A performance of "See You Yesterday." (Courtesy Jacqueline Lessac/Global Arts Corps)
A performance of "See You Yesterday." (Courtesy Jacqueline Lessac/Global Arts Corps)

During the Khmer Rouge genocide in Cambodia, the threat of violence and death permeated daily life. Leader Pol Pot’s brutal militia enforced new rules, expected unflinching allegiance and engaged in social engineering to create a master race, killing nearly two million people.

For a group of Cambodian performers whose elders survived the Khmer Rouge conflict, the past was shrouded in silence. To shatter that reticence, they developed theater piece “See You Yesterday" that harnesses their acrobatic and circus arts skills to physically embody their inherited trauma. The show, directed by Michael Lessac and produced by Global Arts Corps (GAC), premieres in the U.S. via ArtsEmerson at the Paramount Center on Thursday, May 16.

GAC's mission is to bring together performing artists from opposite sides of religious, cultural and racial conflicts. Back in 2012, Khuon Det, a Khmer Rouge survivor, artistic director and co-founder of Cambodian nonprofit Phare Ponleu Selpak (“The Brightness of the Arts”), asked Lessac to work with his students after seeing GAC’s touring production from South Africa, “Truth in Translation.” GAC was charged with bolstering the performers’ acting skills and with helping them dig deep to understand the genocide. Det wanted Lessac to help the young artists “develop, through their own circus techniques … a production that allows them to be able to interact with their elders again,” he explained.

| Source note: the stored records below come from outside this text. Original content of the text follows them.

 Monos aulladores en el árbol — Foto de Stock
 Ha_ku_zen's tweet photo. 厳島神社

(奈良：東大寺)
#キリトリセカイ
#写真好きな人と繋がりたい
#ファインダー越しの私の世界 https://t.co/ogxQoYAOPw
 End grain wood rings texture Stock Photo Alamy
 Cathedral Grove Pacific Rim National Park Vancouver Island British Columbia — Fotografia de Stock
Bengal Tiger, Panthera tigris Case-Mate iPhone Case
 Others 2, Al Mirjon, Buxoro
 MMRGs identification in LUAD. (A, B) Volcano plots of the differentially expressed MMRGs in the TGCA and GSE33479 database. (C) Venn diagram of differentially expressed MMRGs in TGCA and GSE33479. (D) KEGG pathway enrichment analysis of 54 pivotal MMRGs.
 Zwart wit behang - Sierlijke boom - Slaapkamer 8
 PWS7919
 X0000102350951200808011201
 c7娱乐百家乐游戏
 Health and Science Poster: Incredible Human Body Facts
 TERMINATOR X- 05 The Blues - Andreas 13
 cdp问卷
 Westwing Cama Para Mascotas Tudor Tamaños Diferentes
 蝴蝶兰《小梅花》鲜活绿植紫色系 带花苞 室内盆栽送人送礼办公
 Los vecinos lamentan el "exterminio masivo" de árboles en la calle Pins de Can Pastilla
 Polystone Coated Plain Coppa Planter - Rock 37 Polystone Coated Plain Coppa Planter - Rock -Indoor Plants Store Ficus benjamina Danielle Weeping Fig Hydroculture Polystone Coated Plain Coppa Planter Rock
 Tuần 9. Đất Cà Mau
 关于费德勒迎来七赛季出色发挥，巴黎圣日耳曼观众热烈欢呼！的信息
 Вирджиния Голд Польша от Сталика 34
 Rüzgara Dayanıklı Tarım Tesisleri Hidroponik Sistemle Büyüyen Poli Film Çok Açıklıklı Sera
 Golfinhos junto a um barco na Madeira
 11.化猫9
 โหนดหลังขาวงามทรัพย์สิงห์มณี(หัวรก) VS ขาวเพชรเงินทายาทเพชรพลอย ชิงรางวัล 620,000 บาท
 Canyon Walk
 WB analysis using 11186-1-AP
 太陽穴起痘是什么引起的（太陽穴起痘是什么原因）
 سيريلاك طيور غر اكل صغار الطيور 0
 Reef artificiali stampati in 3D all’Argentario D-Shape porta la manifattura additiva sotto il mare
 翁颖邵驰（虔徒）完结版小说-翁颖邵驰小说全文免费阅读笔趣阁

At rehearsals, they imagined what their lives would have been like during the Khmer Rouge reign using the splintered accounts passed down to them, historical facts and news stories and “automatically created the scenes within the improv work we were doing,” Lessac shared. The GAC team’s actors and trainers asked questions and worked together with the troupe, who "brought all the answers to the floor," he said. The group interviewed the elders, and talked with a former Khmer Rouge child soldier.

When the time was right, Lessac asked them to do the circus as if they were performing for the Khmer Rouge. “That means, if you make a mistake, you die,” he told the group. After that breakthrough moment in rehearsal, the artists shared that they finally felt what their elders experienced.

Through this voyage into the dark depths of genocide, the actors learned what it took to torture and to kill, but also how to move past trauma, create community and how to lead. "It’s a joyous show" that they’ve made, Lessac said. They’ve made “it victorious for themselves. They gave themselves the next level of triumph over oppression, even if it was [in] a small way.”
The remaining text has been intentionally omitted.